#### Dataset extract
● ● ●

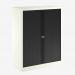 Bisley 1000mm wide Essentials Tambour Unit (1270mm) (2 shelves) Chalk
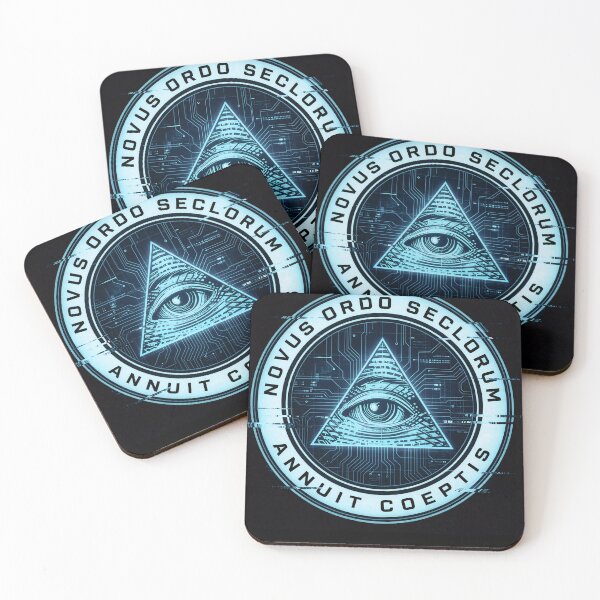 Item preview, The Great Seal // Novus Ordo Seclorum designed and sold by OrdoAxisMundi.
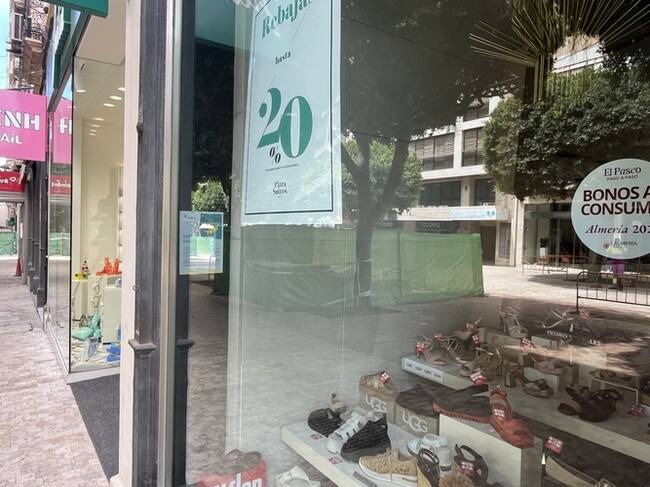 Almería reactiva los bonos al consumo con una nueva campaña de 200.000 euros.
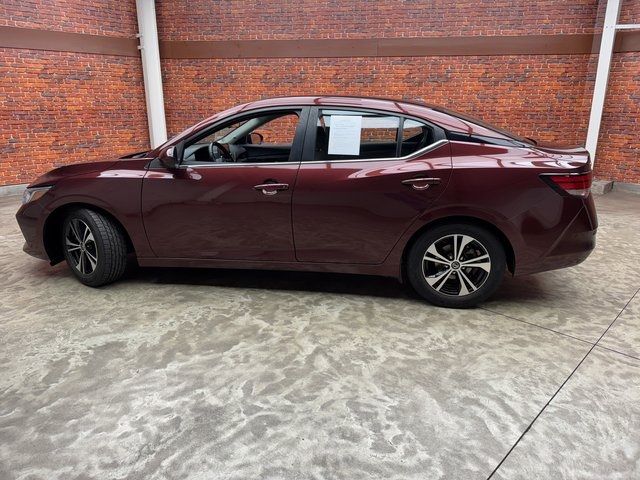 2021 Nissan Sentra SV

● ● ●

#### Work required
Repeat the full listing above exactly, with no pictures in the copy.

#### Exercise solution
 Bisley 1000mm wide Essentials Tambour Unit (1270mm) (2 shelves) Chalk
 Item preview, The Great Seal // Novus Ordo Seclorum designed and sold by OrdoAxisMundi.
 Almería reactiva los bonos al consumo con una nueva campaña de 200.000 euros.
 2021 Nissan Sentra SV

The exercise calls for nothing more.